The group has gained criticism for encouraging teachers to take accrued personal leave days to protest . Although the group itself is politically nonpartisan, online media outlet FITSNews, which has a history of anti-labor positions, has labeled the group as "liberal" or "mob" or "union." Local news outlets such as The State (newspaper) and WIS (TV) have cited data and opinions from the group in explaining issues like the state teacher shortage.

In May 2021, the group stated that they were forced to meet in secret because of death threats made online, including one from an organization that stormed the U.S. Capitol on January 6, 2021. Law enforcement informed the group of some of the threats. SC for ED filed police reports against the people and groups that threatened violence. The group had planned to march at the South Carolina Statehouse and the governor's mansion, but decided to cancel "for the safety of all involved." SC for Ed has opposed legislation by state legislators prohibiting the implementation of what some legislators have called Critical race theory, and has opposed the banning of books related to race-related concepts, including information on its website about the legislation from the NAACP Legal Defense and Educational Fund and others. Others have agreed with SC for Ed that the laws might "might further drive teachers out of the classroom and lead to an incomplete education of topics, such as the American Civil War and the Civil Rights Movement." The NAACP Legal Defense and Educational Fund included the South Carolina "anti-CRT" bills among a list of "Bans on Truth, History and Racial Discourse" and the South Carolina chapters of the NAACP, American Civil Liberties Union, E3 Foundation, and Lowcountry Black Parents Association all partnered with SC for Ed in opposing the bills, as well.

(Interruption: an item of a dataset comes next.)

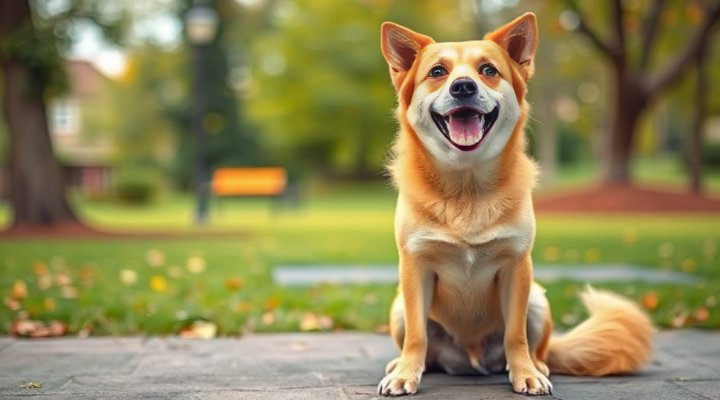 A previously aggressive dog now calm and happy after successful behavior training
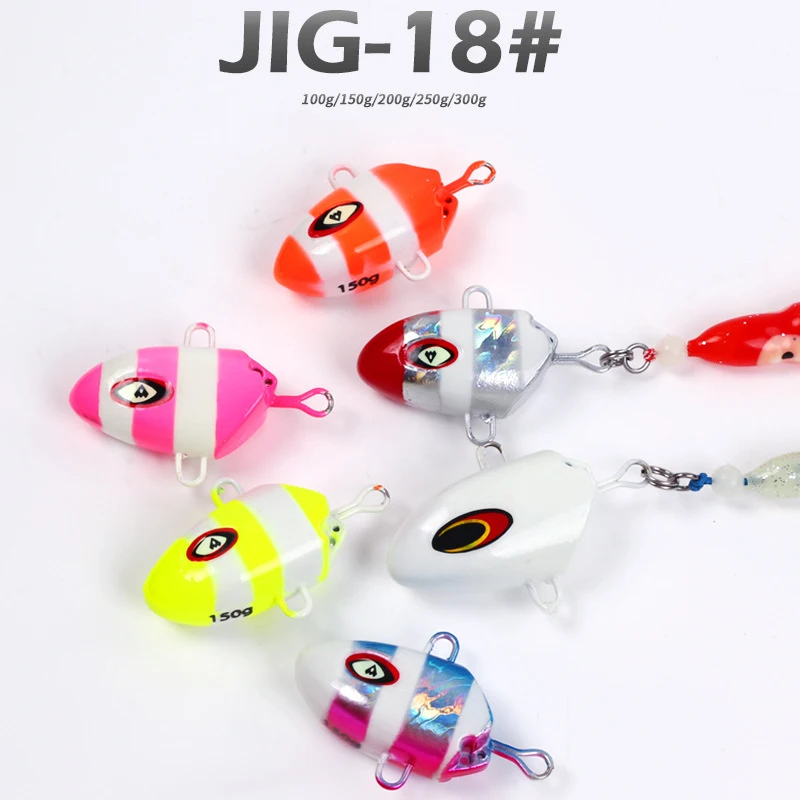 Jetshark Metal Slow Jig Head Luminous Fishing Jigging Bait Slider Octopus Assist Hook Rigs Squid Skirt Saltwater Jigging Lure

In the 2022 debate for South Carolina state superintendent of education, Ellen Weaver accused the group for pushing progressive legislation and "pronoun politics," and also said that she believes that the group believes parents are "domestic terrorists." Ellis, on the other hand, "mostly avoided partisan talking points," according to The State. Weaver defeated Ellis in the general election. In her concession statement, Ellis said, "We will continue to stay persistent and continue to fight for every student to have a high-quality education in our state," she said in the statement. "We have mobilized voters across our state who previously did not feel their voice mattered; we have given teachers and families a choice in who represents them and empowered them to use their voice." She continues to work as a full-time teacher and student activities director.

==Current status==

In June 2023, five years after its founding, SC for Ed said that the organization will "indefinitely pause" some aspects of its advocacy work. The group still maintains active social media pages, and has released press releases and statements since that announcement. Local news media continues to cite the group on issues of public interest related to education.